I began by repurposing an older laptop. I downloaded Ubuntu Server and used Rufus to image it onto a USB drive. After booting from the USB, I went through the guided installation process. One major hurdle was during the network configuration stage — I had to resolve a mismatch between my static IP settings and the subnet address format. This required understanding how subnets are written in CIDR format and adjusting values so my IP fit correctly within the subnet.

Installing NGINX & UFW

Once the server was online, I ran system updates and installed NGINX using sudo apt install nginx. To secure the server, I enabled UFW (Uncomplicated Firewall) and allowed HTTP, HTTPS, and SSH traffic. This ensured only the necessary ports were exposed to the network.

Understanding Port Forwarding

Port forwarding was required to expose the web server to the public internet. This involved logging into my router and forwarding ports 80 (HTTP) and 443 (HTTPS) to my server's internal IP address. Port forwarding allows external traffic on specific ports to be passed through the router and directed to a device inside the local network. Without this, external users would be blocked from accessing the server entirely.

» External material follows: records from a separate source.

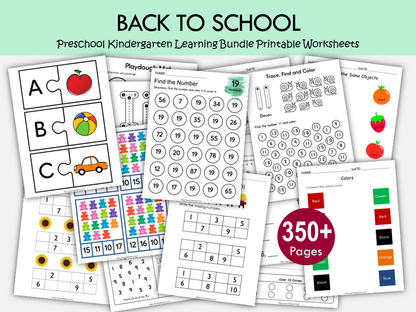 350+ Preschool & Kindergarten Learning Bundle Printable | Alphabet, Numbers, Tracing & Back to School Worksheets, WWF562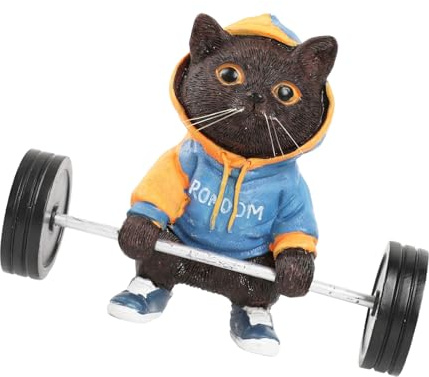 ZYHARUKO Fitness Katzen Skulptur Fitness Figuren Dekoration Lustige Heben Langhantel Figur Statue Figur Lustige Katzen Geschenke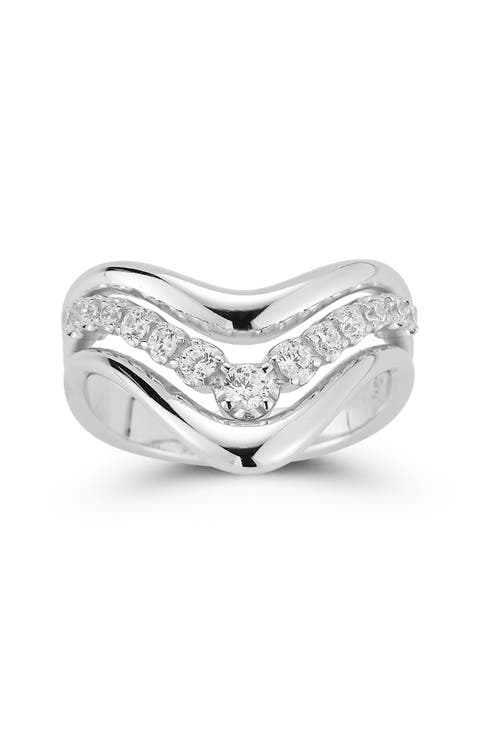 Bold V Cubic Zirconia Ring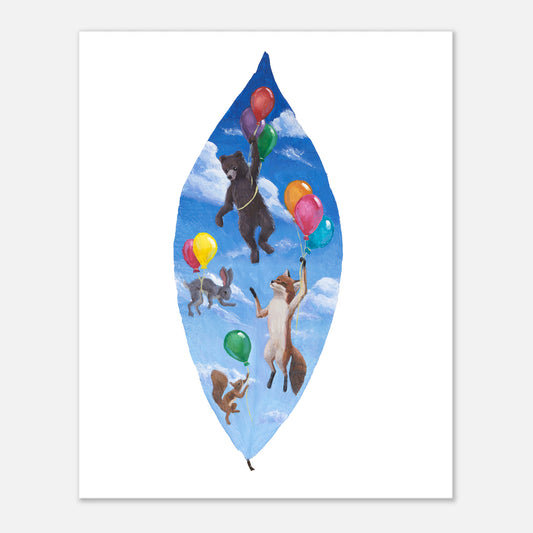 Leaf-shaped artwork with animals holding balloons against a blue sky background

Pointing the Domain to Your Server

To make the website accessible using a domain name like iamdakota.com, I logged into my domain registrar and added a DNS record that points to the public IP address provided by my internet service provider. Specifically, I created an A record for the root domain (and optionally for www) that targets the server's public IP. This allows browsers to resolve the domain name to the actual IP of my server.

Creating HTML Files

With NGINX serving the default page, I navigated to /var/www/html, which is the default web root on Ubuntu. To add new pages, I created directories using mkdir and then added HTML files inside them.

Switching to SSH and Local Editing

Once SSH access was working reliably, I began editing HTML files locally on my Windows machine using Sublime Text. Before committing those changes to the live server, I would open the files directly in my browser to preview them. This allowed me to test and refine the layout and styling before manually recreating or updating the files on the server using nano over SSH.

Summary

This project served as an entry point into self-hosted web infrastructure, covering core topics like Ubuntu server management, static IP setup, firewall configuration, port forwarding, DNS setup, and simple web development. It laid the foundation for the more comprehensive Proxmox-based build documented in the newer project writeup.